Work to be completed |
Go to the line with "Deer in Love cute logo illustration" in the entries below and write out every line from there through the line with "10X Red LED", exactly and without pictures.

Records shown |
+ + + + +

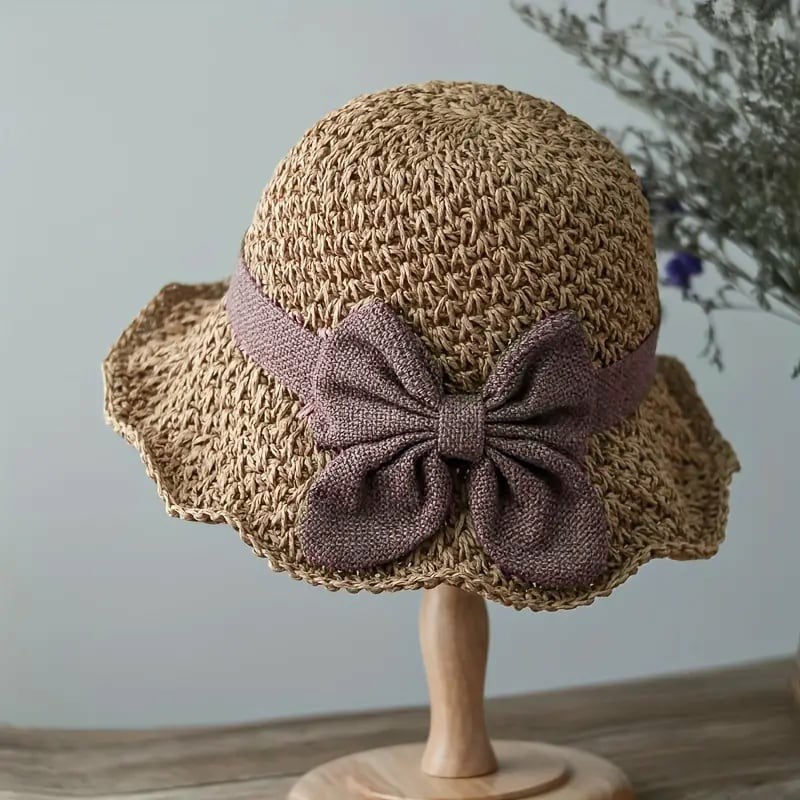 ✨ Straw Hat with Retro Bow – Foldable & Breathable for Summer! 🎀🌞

+ + + + +

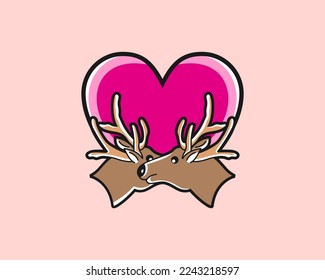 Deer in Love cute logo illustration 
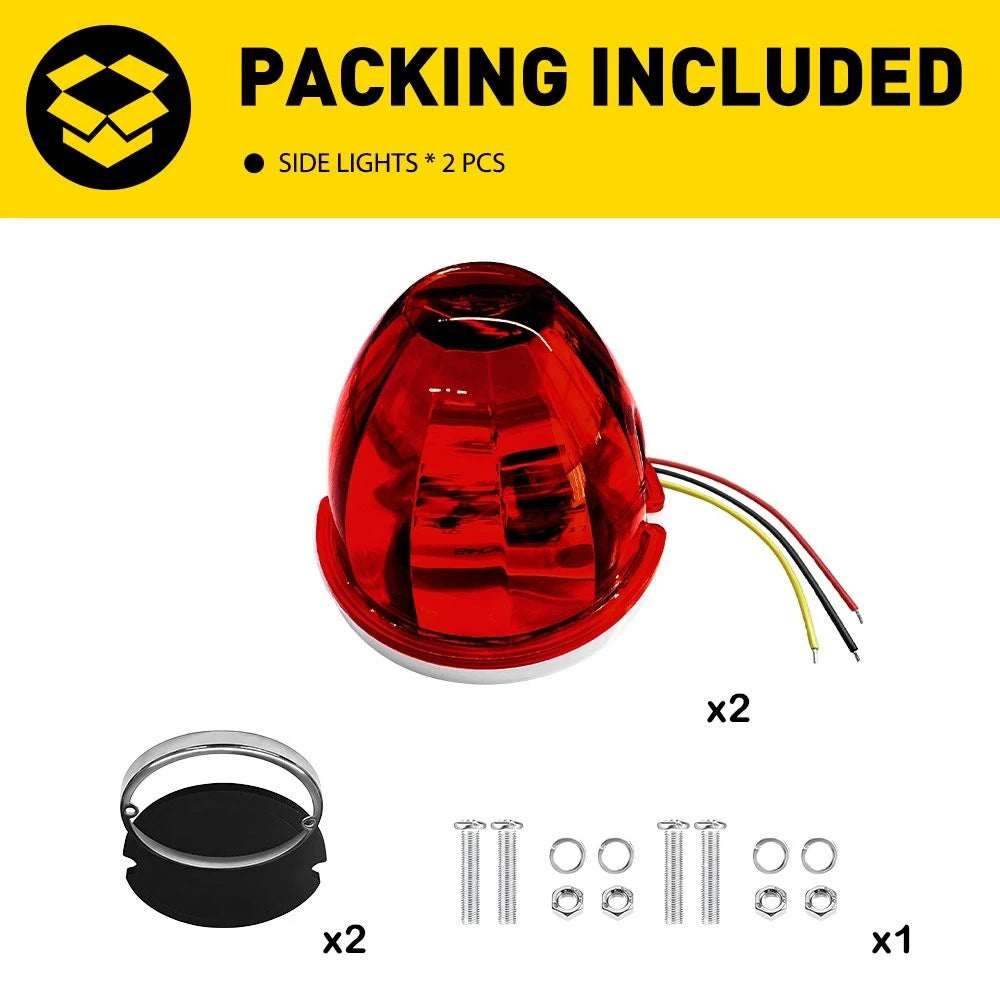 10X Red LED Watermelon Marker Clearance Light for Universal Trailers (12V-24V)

+ + + + +

Exercise response |
 Deer in Love cute logo illustration 
 10X Red LED Watermelon Marker Clearance Light for Universal Trailers (12V-24V)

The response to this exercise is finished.